Add Alabama to the list of high-profile schools that includes North Carolina State, Missouri, UCLA, California and others who, in varying degrees, tried to big-time muscle out Wichita State. WSU, with its combination of resources, passion for basketball and supportive, creative athletic director and administration, keeps winning those battles.
Wednesday afternoon, Yahoo.com’s Pat Forde reported that Marshall and his family were considering a Friday trip to Tuscaloosa. Alabama, according to Forde, was offering nearly $4 million. Sources at Wichita State and close to the program say the offer was $4.2 million, perhaps as high as $4.9 million, for six years.
Marshall, 52, makes a base salary of $1.85 million, plus bonuses, at WSU. He is on a seven-year rollover contract with a buyout of $400,000 that drops to $300,000 on April 15.
He has guided WSU to four straight NCAA Tournaments with a Final Four in 2013, a No. 1 seed in 2014 and the Sweet 16 this season. He is 204-75 in eight seasons at WSU. In nine seasons at Winthrop, he went 194-83 with seven NCAA trips.

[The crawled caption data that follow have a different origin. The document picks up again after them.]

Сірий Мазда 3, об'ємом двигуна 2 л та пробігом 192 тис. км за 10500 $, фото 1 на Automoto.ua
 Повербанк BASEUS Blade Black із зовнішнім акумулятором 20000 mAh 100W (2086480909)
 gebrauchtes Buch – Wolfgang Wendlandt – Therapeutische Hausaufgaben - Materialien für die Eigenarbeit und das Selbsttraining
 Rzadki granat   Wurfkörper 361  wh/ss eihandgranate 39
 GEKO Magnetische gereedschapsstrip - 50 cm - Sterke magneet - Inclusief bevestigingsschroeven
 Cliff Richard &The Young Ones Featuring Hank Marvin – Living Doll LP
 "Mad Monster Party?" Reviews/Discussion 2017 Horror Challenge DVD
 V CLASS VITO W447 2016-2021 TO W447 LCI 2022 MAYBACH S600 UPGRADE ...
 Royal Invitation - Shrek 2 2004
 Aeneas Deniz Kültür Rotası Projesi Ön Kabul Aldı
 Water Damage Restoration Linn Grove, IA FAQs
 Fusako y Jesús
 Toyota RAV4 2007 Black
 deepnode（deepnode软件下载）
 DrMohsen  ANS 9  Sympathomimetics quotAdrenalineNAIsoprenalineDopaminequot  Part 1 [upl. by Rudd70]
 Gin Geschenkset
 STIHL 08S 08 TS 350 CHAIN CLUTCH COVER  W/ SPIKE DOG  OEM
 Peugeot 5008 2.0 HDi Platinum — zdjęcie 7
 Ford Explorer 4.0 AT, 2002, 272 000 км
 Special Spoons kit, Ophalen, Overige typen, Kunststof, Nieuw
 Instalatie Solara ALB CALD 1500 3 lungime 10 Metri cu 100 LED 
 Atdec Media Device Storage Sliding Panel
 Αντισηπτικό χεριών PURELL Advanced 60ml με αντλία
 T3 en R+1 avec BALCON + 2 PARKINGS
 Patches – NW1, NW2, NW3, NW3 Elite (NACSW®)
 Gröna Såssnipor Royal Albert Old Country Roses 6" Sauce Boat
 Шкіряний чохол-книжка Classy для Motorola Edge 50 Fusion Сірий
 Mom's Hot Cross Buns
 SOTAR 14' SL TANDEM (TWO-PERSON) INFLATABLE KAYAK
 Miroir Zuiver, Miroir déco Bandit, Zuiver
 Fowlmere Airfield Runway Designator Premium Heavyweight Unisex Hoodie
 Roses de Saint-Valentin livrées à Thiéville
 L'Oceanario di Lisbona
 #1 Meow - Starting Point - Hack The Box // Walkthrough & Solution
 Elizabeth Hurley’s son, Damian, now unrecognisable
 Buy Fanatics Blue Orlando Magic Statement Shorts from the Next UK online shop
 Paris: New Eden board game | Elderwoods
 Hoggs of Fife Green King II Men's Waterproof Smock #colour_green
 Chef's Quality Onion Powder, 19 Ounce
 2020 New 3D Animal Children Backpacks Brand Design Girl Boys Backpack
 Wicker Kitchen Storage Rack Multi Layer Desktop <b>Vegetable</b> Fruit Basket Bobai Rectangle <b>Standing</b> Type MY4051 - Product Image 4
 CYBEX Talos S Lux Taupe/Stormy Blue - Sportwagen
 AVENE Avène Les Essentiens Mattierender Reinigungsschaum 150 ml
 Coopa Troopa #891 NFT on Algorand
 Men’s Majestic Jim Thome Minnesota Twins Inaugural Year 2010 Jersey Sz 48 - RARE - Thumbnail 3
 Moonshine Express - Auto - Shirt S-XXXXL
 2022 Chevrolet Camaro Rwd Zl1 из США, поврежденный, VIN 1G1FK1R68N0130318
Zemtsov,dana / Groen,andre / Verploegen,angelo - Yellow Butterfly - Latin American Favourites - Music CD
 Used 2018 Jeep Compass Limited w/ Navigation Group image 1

Battle released a statement Wednesday night that said he respected Marshall’s decision and wished him and his family the best.
“I remain determined to bring to our program a proven head coach with impressive credentials,” he said.
While Alabama offered financial clout and conference affiliation that WSU likely can’t match, it didn’t appear to offer features that separate it from other high-profile schools that Marshall has turned away in recent seasons.
Marshall’s name is annually connected to openings, and Wichita State athletic director Eric Sexton acknowledged last week that WSU can’t win a bidding war with schools from high-profile conferences, should it come to that. So far, WSU’s combination of fan support, emphasis on basketball and comfortable working conditions have been enough to keep Marshall happy through eight seasons.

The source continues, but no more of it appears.